Panama City Roofing: Article About Roof Drains
Roof drains are part of the home's structure that allow liquid precipitation to flow off the roof's surface, through downspouts and away from the building's foundation. Different styles and types of roofs use different kinds of drainage equipment. Before a homeowner decides on what kind of draining system to install, it is important for them to understand the differences between each type. Other considerations for making this decision include the roof load, the roof's slope and local building codes. Panama City roofing services are able to help property owners sort through community requirements for rooftop draining systems to ensure that the proper amount of drainage is achieved.
Homes or garages with a flat roof or a slope of 2 percent or less require a specially designed flat roof drain system. The drains connect to the rain gutters using small diameter pipes. Roofers install the drains with protective covers that allow water to enter but keep out debris such as leaves and sticks.
Another type of drain used on the rooftop of a home is a siphonic roof drain. This kind of drainage unit uses multiple inlets that all connect to a single drain leader.
A roofing professional from Art Construction of Panama City FL would be happy to answer any question you have about commercial roofing or windows.
The leader then flows into the horizontal rain gutters. These drains work on structures that have a roof with a 3 to 15 percent slope.
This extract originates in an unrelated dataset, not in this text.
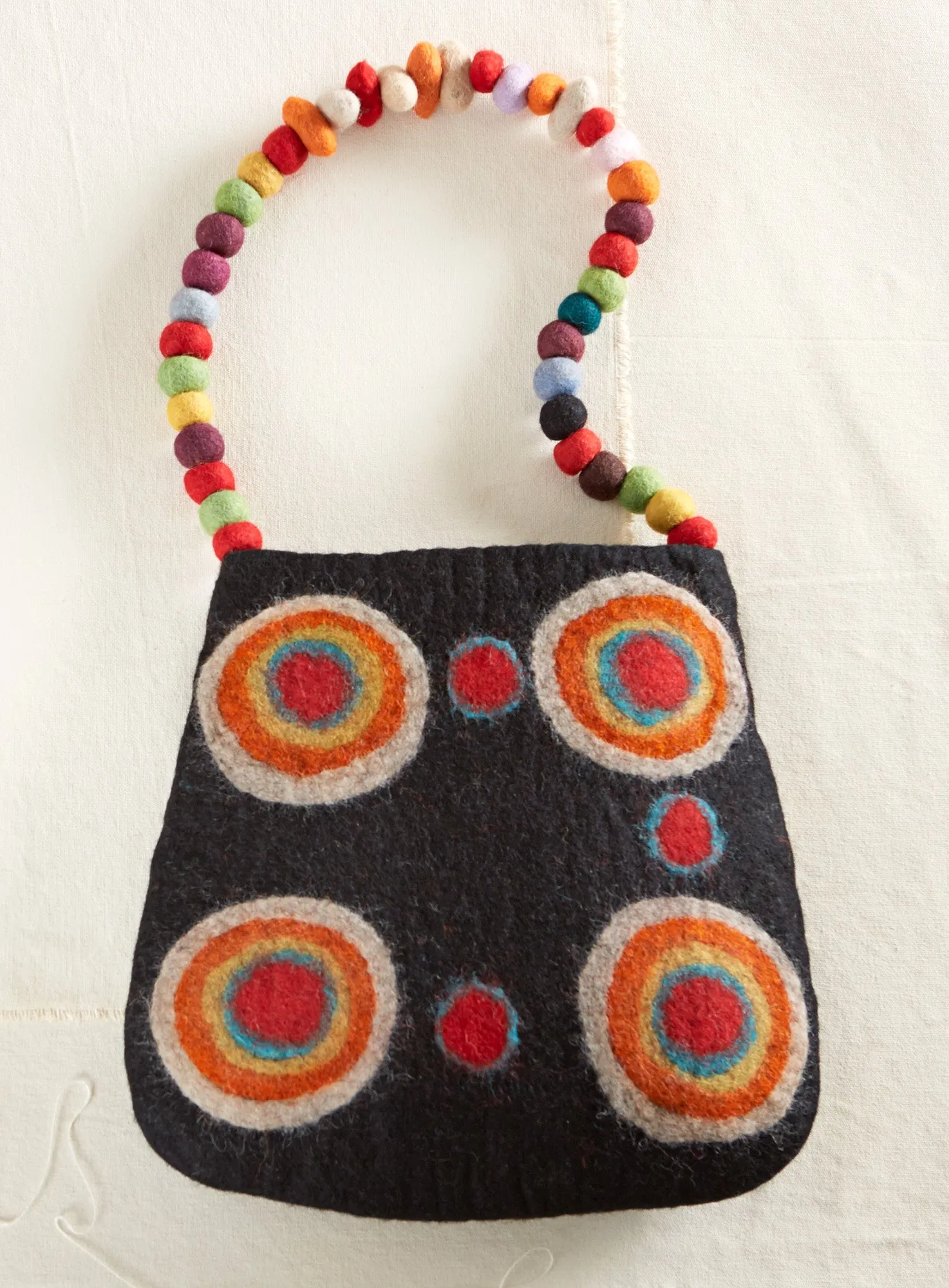 Hand-felted Pom-Pom Purse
Most homes in the eastern half of the United States utilize a simple rain gutter system for draining water off the roof of the house. This system doesn't require that any drain openings be created on the rooftop. The gutters are installed horizontally at the edges of the roof. The water flows down the roof's sides by way of gravity. The water collects in the gutters and is drained into downspouts, which empty a few feet away from the home's foundation or are buried underground and connected to the stormwater drains.
As an alternative to draining the water away from a roof, some homeowners elect to build a green roofing system. This kind of roof is also referred to as a living roof. An extensive green roof consists of shallow layers of soil and short plants such as mosses, grasses or other sorts of groundcover. An intensive green roof requires significant infrastructure due to its weight, but it can also accommodate more water. The plants on this roof are typically taller and may even include edible foods such as fruits, vegetables and berry bushes.